Hi ,i would like to introduce everyone to our new cat ,we have had for a few weeks ,she is really hard to get a picture of ,she is our jaguarundi


----------



## Elina (Jul 22, 2009)

Wow I have to say that you have the *BEST *cats!
She looks great, do you think you will breed them in the future? 
-
Elina


----------



## shiftylou (Apr 27, 2008)

Gorgeous! Never seen a car like that before where did you get it from? Specialist breeder? 

Little cutie pie x


----------



## animalsbeebee (May 19, 2008)

Thanks ,we have a male also so hopefully we will breed them in the future


----------



## RORCOV (Jul 19, 2005)

Stunning animal:notworthy:


----------



## MattsZoo (Oct 27, 2011)

What an amazing beast! :flrt:


----------



## sykesy88 (Jan 9, 2009)

She is gorgeous!:flrt:


----------



## liam.b (Sep 2, 2006)

Looks gorgeous are they DWA? Haven't come accros them before, what's the temperament like?


----------



## Disgruntled (Dec 5, 2010)

Lovely. I'd like a DWA cat but probably something a bit more common and as such, less expensive! A lynx perhaps.
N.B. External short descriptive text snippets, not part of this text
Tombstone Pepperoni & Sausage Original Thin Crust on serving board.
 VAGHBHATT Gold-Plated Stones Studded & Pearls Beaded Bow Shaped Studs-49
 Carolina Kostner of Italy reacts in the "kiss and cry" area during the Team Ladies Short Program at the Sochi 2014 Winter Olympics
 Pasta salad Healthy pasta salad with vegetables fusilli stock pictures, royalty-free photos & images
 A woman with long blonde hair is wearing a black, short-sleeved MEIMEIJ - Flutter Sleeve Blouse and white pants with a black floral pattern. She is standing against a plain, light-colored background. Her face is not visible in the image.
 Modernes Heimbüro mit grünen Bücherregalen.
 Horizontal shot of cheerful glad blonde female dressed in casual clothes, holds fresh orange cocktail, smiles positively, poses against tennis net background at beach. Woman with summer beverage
When we have more than half an acre, I will try and get started...:mf_dribble: My little fox is thriving, by the way...


----------



## carlo69 (Apr 12, 2007)

animalsbeebee said:


> Hi ,i would like to introduce everyone to our new cat ,we have had for a few weeks ,she is really hard to get a picture of ,she is our jaguarundi
> 
> 
> image


Hi hows it going good to see you all at the weekend inc this little cat what a stunner:2thumb:


----------



## animalsbeebee (May 19, 2008)

alls good,thanks

Yes dwa needed.

Glad fox is doing good,he looks stunning in your photos.


----------



## Amazonia (Mar 6, 2011)

Stunning animal, how big do they become?


----------



## Disgruntled (Dec 5, 2010)

Jaguarundi - Wikipedia, the free encyclopedia


----------



## animalsbeebee (May 19, 2008)

Thanks , around 3 times the size of a domestic cat


----------



## kellystewart (May 11, 2010)

animalsbeebee said:


> Thanks , around 3 times the size of a domestic cat


Absolutely gorgeous Dave and Lorna


----------